What is the difference between tracing, metrics, and logging in Go observability?

Traces record the path of a request through your system - each operation is a span with timing, attributes, and parent-child relationships. Metrics are numerical measurements aggregated over time - request rate, error rate, latency percentiles, goroutine count. Logs are timestamped records of discrete events. All three are complementary: metrics alert you that something is wrong, traces show where, and logs show what.

How do I propagate trace context across Go services?

Inject the trace context into outgoing HTTP or gRPC headers using OTel propagators (otel.GetTextMapPropagator().Inject). Extract it from incoming requests in middleware (otel.GetTextMapPropagator().Extract). The W3C Trace Context standard (traceparent header) is the default propagation format and is supported by all major observability platforms. Without propagation, traces break at service boundaries.

How do I add custom spans and attributes to Go code with OTel?

Get a tracer with tracer := otel.Tracer('service-name'), then start a span: ctx, span := tracer.Start(ctx, 'operation-name'). Add attributes with span.SetAttributes(attribute.String('key', 'value')). Always defer span.End() to ensure the span is finished. Pass the context through all function calls so child operations can create child spans automatically. Record errors with span.RecordError(err) and span.SetStatus(codes.Error, err.Error()).

← Back to Go Mastery Hub

Go Observability & OTel: The Telemetry Mirror

In the world of microservices, a single user request can spark a chain reaction across dozens of services.
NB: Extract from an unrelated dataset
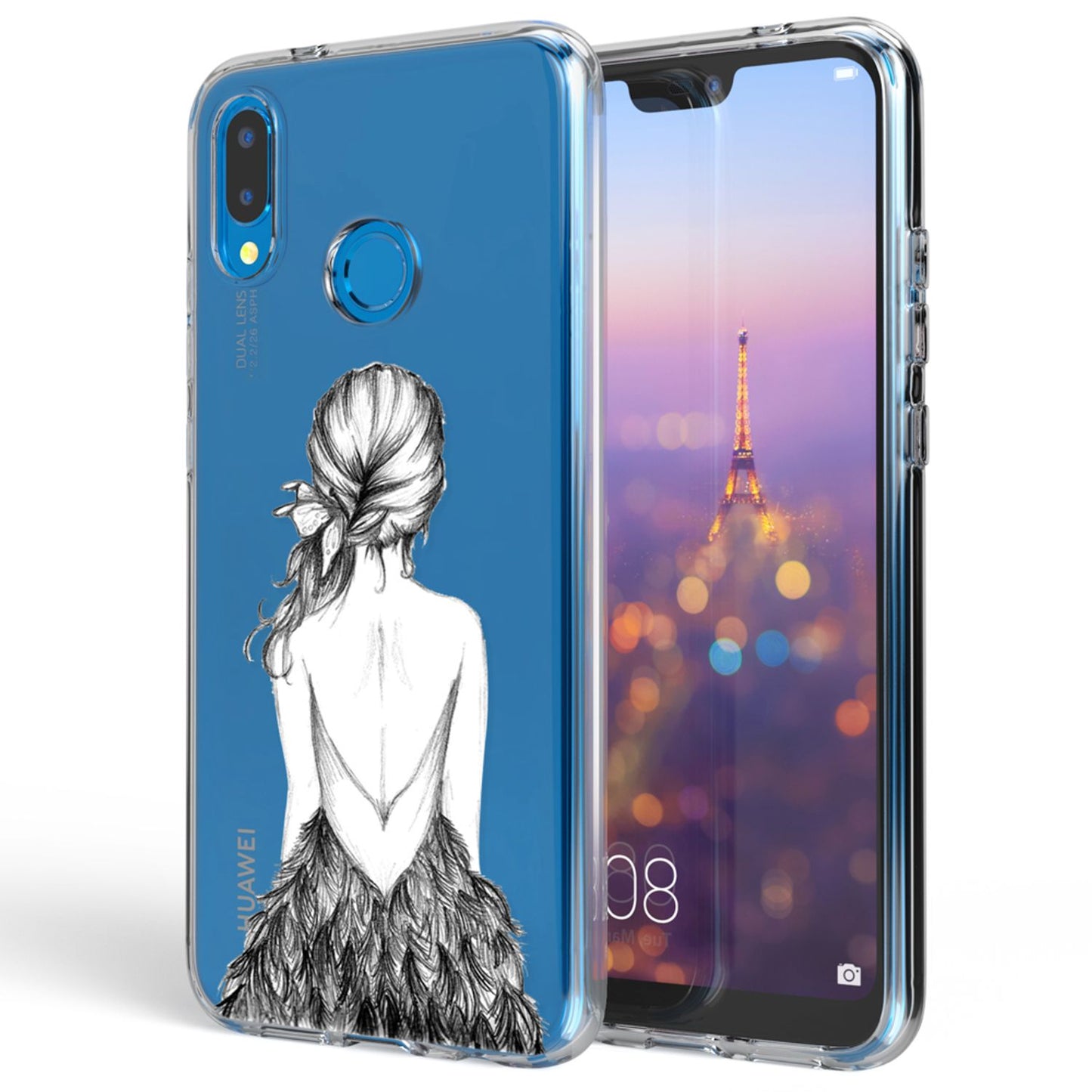 Huawei P20 Lite hulstur frá NALIA, þunnt sílikonhlífðarhulstur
When a request fails or becomes slow, finding the cause is impossible without Observability.

Unlike simple "Monitoring" (which tells you IF something is wrong), "Observability" tells you WHY something is wrong by correlating three pillars: Metrics, Logs, and Traces. In 2026, the industry standard for this is OpenTelemetry (OTel). Because Go is designed for distributed systems, its OTel integration is among the most performant and type-safe in the world.

1. The Three Pillars of Observability

1. Metrics (How many?)

Aggregated numeric data over time. Metrics tell you the Quantity of things:

How many requests per second?
What is the 99th percentile latency?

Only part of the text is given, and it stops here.